### What to produce
Leave out the images and output the records word for word.

### Supplied entries
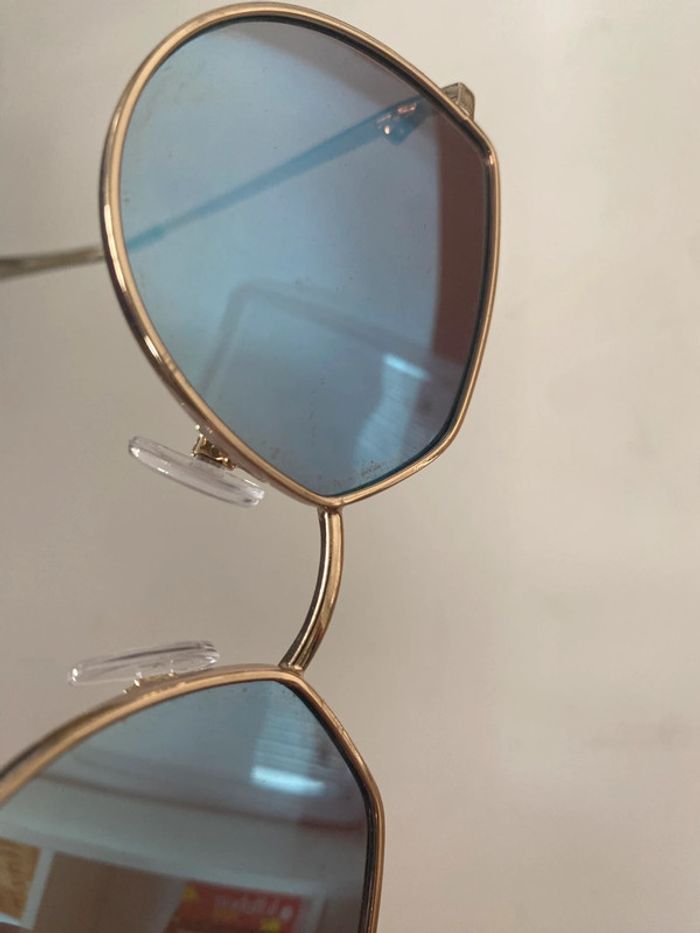 Jolie paire de lunettes • 👓 - photo numéro 4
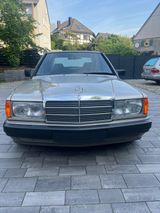 Mercedes-Benz 190 E 2.3, Zustand Museum, 49.300 km - Mercedes-Benz 190 aus 1988: 190e
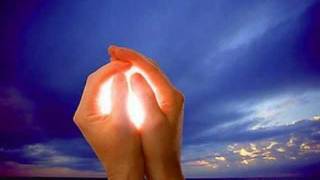 ESTE AMOR ES COMO EL VIENTO-------GUADALUPE PINEDA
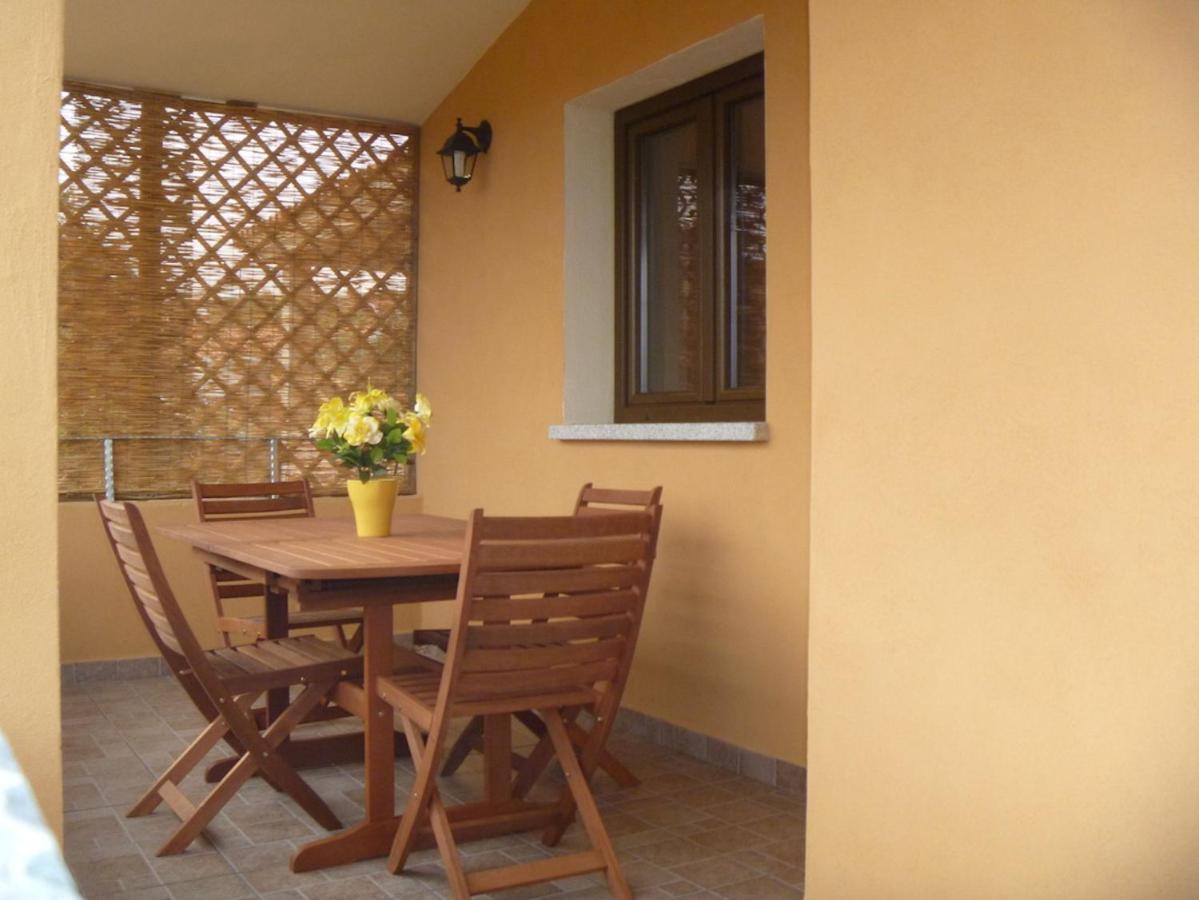 Casadelfaro Primo Piano 600Mt Dalla Spiaggia Olbia Extérieur photo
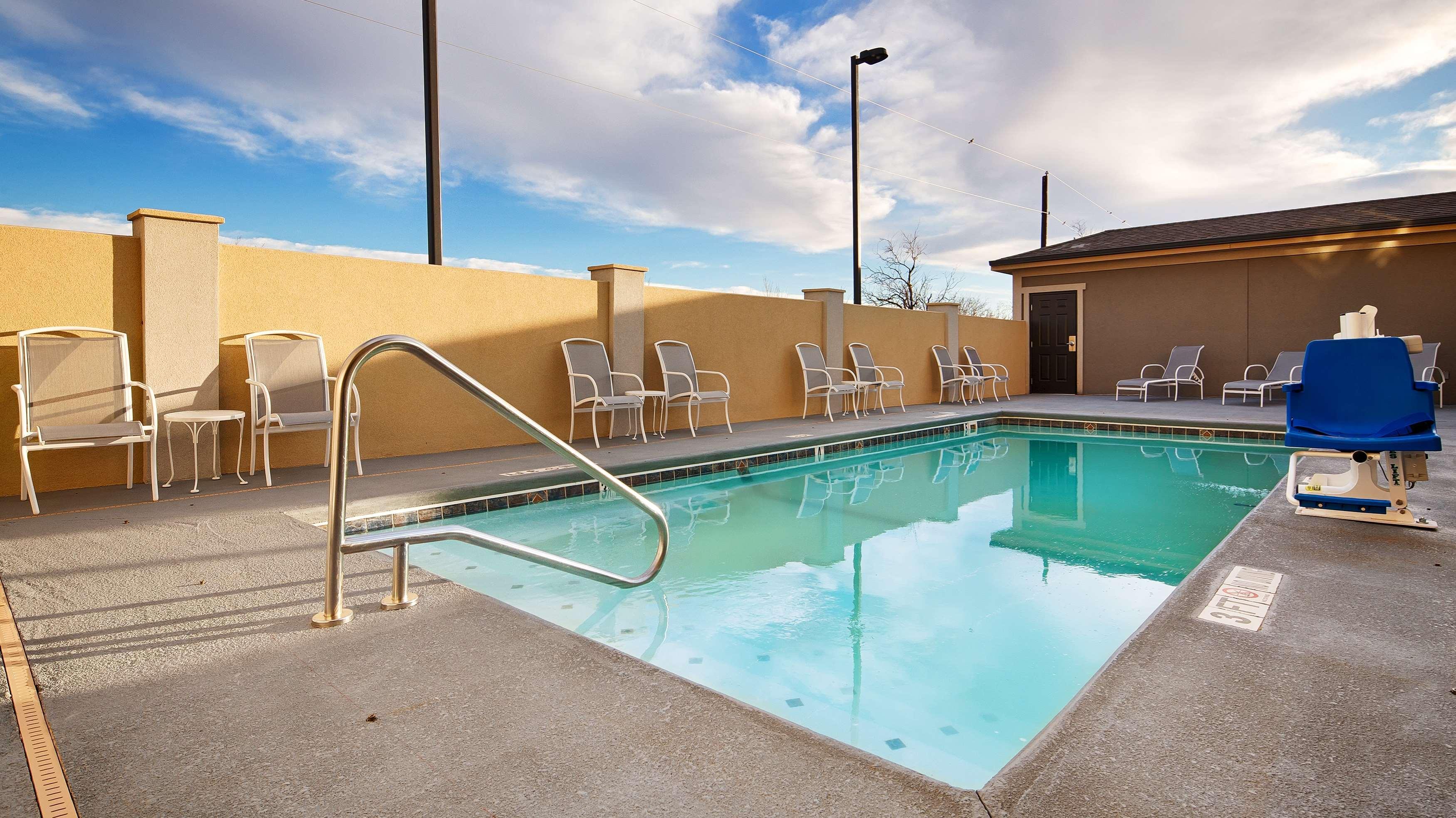 Best Western Los Alamitos Inn & Suites Экстерьер фото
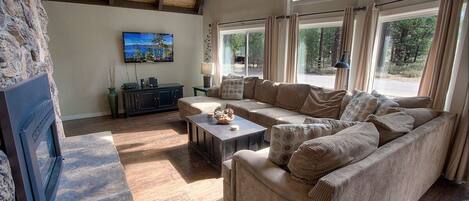 TV, fireplace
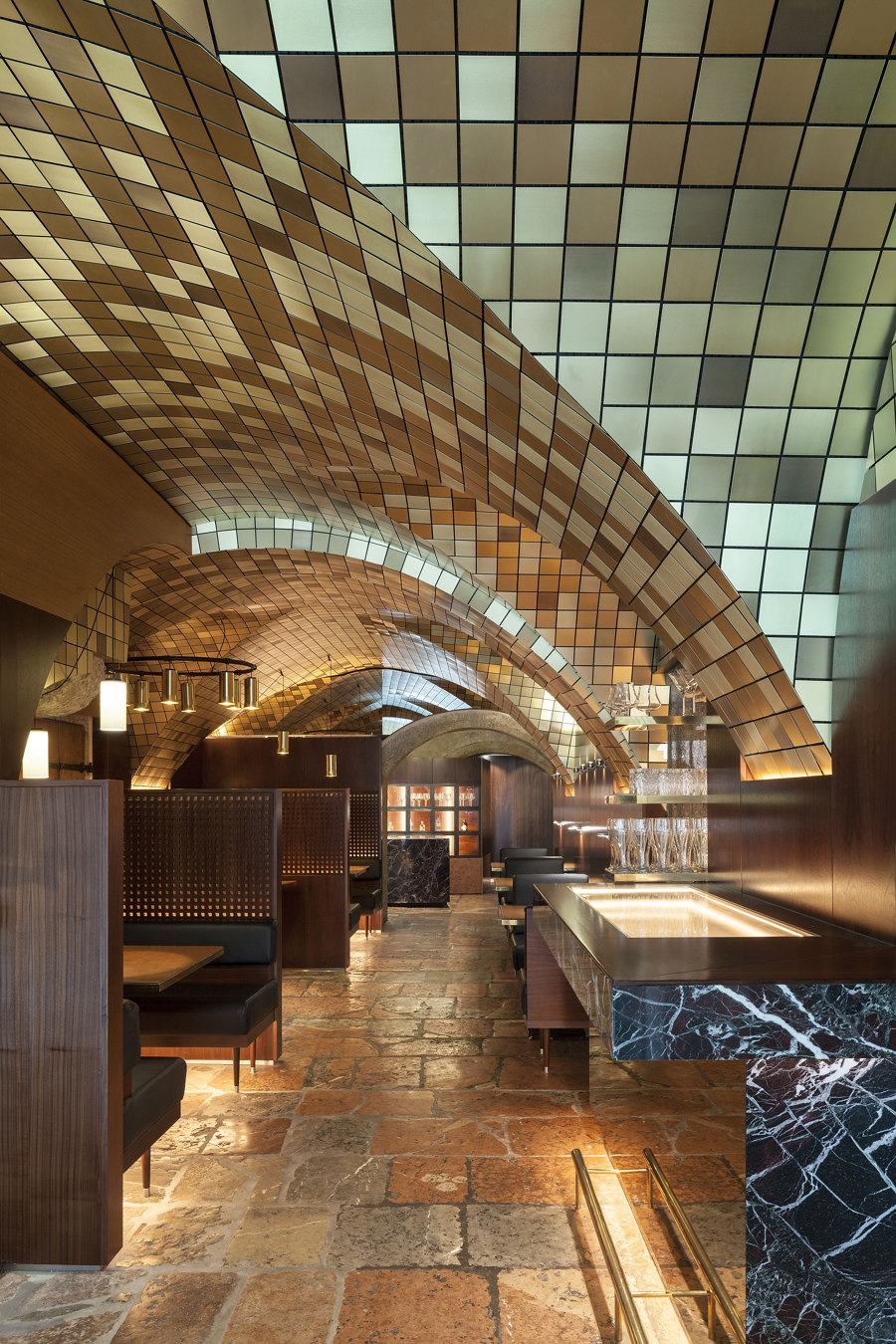 Koller + Koller am Waagplatz Restaurant von BEHF Architects | Restaurant-Interieurs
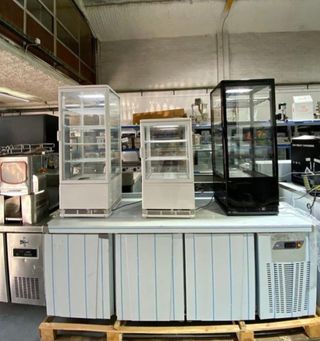 VITRINAS PASTELERÍA SOBRE MESA NUEVAS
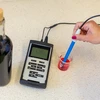 Mätning av pH-värde ['vinprovning', ' vinbedömning', ' för lågt pH i vin', ' för högt pH i vin', ' svavling av vin', ' vinets stabilitet', '']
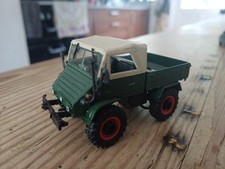 Universal Hobbies Mercedes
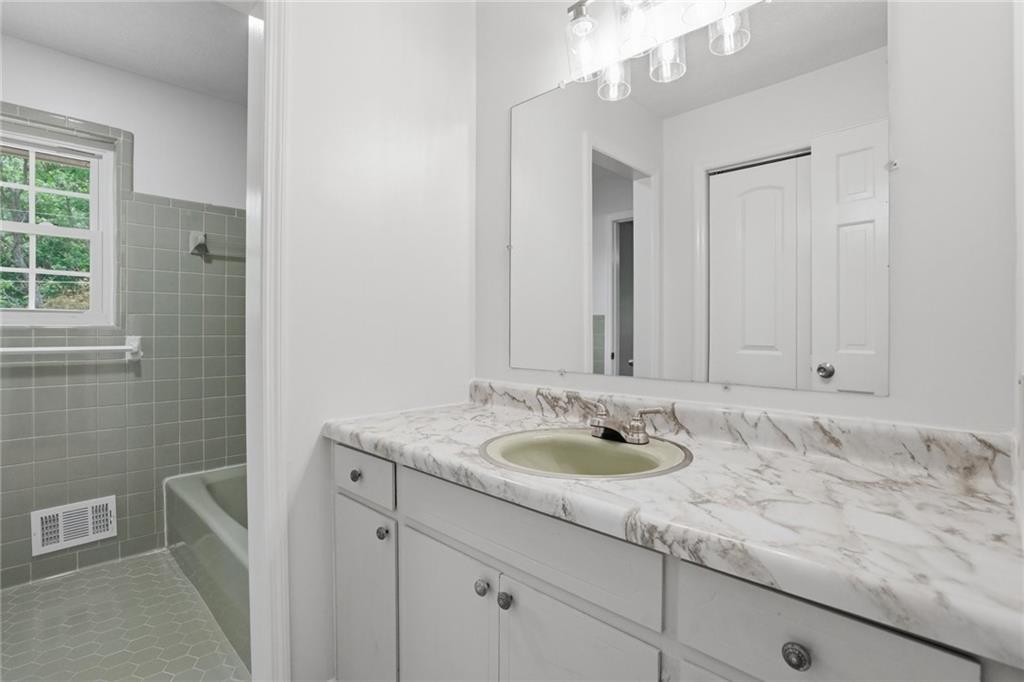128 Mcneal Road Property Photo 21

### Reply to the exercise
 Jolie paire de lunettes • 👓 - photo numéro 4
 Mercedes-Benz 190 E 2.3, Zustand Museum, 49.300 km - Mercedes-Benz 190 aus 1988: 190e
 ESTE AMOR ES COMO EL VIENTO-------GUADALUPE PINEDA
 Casadelfaro Primo Piano 600Mt Dalla Spiaggia Olbia Extérieur photo
 Best Western Los Alamitos Inn & Suites Экстерьер фото
 TV, fireplace
 Koller + Koller am Waagplatz Restaurant von BEHF Architects | Restaurant-Interieurs
 VITRINAS PASTELERÍA SOBRE MESA NUEVAS
 Mätning av pH-värde ['vinprovning', ' vinbedömning', ' för lågt pH i vin', ' för högt pH i vin', ' svavling av vin', ' vinets stabilitet', '']
 Universal Hobbies Mercedes
128 Mcneal Road Property Photo 21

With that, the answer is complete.